▸ **WHAT YOU HAVE TO DO**
Lines with the word "Desert" are the ones wanted. Copy each of them from the entries below.

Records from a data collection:

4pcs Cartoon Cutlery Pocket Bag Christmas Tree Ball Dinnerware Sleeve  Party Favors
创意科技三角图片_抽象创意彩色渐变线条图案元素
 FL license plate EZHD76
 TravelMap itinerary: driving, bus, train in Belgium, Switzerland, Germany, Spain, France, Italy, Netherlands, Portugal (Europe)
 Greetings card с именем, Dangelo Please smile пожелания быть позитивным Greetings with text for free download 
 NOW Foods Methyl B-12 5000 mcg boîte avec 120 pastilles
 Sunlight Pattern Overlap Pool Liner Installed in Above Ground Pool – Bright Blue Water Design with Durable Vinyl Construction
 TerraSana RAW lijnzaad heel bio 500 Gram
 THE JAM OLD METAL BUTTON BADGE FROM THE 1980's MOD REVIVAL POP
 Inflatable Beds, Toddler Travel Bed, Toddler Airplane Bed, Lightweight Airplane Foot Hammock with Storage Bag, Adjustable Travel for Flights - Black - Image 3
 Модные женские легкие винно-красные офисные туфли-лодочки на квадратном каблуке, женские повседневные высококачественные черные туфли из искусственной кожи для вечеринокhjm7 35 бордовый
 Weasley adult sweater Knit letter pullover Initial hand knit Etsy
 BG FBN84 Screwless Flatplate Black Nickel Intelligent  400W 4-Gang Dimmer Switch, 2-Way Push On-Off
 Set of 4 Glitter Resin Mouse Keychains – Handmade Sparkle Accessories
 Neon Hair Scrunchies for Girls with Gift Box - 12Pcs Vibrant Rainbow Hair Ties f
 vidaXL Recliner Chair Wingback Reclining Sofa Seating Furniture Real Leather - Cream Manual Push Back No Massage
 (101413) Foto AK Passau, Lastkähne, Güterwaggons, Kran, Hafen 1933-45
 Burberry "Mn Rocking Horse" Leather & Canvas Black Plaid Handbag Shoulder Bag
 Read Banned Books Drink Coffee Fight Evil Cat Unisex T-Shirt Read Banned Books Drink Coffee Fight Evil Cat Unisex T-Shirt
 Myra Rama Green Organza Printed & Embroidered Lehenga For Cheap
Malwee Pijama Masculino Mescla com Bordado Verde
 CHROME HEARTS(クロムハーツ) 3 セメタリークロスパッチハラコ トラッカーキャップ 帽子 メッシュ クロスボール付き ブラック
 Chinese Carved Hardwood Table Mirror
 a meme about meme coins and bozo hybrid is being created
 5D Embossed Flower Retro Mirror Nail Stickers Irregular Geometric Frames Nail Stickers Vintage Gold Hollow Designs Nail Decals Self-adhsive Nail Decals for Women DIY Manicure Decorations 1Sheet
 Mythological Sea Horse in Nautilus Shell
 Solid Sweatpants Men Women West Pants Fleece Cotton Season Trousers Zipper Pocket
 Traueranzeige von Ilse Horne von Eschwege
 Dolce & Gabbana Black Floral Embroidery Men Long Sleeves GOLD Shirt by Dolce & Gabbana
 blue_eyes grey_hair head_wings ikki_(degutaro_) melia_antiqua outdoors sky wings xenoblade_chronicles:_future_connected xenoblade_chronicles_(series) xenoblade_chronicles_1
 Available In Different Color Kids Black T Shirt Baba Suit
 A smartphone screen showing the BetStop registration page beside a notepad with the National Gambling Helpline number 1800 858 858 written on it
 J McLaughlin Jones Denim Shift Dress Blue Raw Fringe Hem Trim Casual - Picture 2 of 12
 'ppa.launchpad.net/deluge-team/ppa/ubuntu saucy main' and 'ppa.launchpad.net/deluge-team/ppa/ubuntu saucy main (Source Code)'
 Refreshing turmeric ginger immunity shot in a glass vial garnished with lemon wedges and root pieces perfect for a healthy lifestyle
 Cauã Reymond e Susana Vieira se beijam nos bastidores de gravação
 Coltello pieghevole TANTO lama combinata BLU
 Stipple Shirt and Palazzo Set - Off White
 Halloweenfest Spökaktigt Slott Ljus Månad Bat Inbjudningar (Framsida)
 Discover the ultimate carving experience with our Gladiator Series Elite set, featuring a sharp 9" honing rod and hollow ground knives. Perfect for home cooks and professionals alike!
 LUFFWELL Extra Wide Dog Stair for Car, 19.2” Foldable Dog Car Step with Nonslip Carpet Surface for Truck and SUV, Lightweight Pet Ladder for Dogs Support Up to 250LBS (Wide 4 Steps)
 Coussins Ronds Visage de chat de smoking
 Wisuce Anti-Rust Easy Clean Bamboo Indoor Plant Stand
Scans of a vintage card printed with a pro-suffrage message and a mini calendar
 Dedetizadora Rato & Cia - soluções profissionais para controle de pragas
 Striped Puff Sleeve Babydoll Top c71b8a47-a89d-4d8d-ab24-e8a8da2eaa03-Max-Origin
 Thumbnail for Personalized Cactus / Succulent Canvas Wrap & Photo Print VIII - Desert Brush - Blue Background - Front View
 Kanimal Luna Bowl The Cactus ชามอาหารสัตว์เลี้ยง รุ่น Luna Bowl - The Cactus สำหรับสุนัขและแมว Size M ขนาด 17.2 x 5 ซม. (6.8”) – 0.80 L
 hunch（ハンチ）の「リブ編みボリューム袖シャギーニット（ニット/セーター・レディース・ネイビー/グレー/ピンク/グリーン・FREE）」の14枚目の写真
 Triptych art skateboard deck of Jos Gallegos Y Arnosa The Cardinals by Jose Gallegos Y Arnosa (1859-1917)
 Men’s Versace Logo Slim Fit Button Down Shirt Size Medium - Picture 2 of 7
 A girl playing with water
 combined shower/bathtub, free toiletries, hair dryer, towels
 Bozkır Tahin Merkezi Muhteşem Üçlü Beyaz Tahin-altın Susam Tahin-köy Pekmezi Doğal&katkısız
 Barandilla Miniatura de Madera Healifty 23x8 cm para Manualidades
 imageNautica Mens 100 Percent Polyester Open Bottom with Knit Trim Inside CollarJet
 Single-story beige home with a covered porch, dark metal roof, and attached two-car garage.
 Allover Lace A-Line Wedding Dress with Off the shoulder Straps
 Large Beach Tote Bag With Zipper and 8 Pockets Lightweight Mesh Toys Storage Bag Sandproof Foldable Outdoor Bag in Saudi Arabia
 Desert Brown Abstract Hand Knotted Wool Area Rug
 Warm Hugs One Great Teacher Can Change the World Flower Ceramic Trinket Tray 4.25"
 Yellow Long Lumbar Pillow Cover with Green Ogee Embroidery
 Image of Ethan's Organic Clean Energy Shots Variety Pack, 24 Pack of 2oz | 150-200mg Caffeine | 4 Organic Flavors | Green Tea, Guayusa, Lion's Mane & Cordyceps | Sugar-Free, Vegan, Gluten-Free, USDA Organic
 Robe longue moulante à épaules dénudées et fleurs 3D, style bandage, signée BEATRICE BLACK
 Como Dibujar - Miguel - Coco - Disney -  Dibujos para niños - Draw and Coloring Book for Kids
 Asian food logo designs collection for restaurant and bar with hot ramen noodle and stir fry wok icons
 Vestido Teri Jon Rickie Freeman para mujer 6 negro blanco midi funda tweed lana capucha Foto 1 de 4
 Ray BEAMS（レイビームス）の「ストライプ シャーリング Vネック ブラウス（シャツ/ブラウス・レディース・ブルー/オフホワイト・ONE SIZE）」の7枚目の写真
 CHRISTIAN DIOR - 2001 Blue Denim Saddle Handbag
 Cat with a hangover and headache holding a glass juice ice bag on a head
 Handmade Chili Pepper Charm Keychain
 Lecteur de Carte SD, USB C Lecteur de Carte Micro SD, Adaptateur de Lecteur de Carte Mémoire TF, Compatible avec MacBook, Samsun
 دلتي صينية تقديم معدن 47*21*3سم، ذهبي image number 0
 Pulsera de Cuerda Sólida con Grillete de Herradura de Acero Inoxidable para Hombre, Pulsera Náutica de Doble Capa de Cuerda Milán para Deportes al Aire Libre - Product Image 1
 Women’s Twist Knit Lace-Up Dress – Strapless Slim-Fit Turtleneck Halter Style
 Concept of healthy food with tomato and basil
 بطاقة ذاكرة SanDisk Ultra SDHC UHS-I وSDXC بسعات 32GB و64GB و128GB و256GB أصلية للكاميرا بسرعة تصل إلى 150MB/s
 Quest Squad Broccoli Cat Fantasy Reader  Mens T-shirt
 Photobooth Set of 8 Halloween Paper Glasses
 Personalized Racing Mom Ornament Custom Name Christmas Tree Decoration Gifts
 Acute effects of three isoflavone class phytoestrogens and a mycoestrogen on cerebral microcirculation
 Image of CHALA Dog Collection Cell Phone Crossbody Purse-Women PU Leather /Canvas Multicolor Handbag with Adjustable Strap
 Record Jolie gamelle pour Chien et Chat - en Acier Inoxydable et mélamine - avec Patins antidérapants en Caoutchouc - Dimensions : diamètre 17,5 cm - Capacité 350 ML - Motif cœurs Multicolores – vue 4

▸ **REPLY**
 Thumbnail for Personalized Cactus / Succulent Canvas Wrap & Photo Print VIII - Desert Brush - Blue Background - Front View
 Desert Brown Abstract Hand Knotted Wool Area Rug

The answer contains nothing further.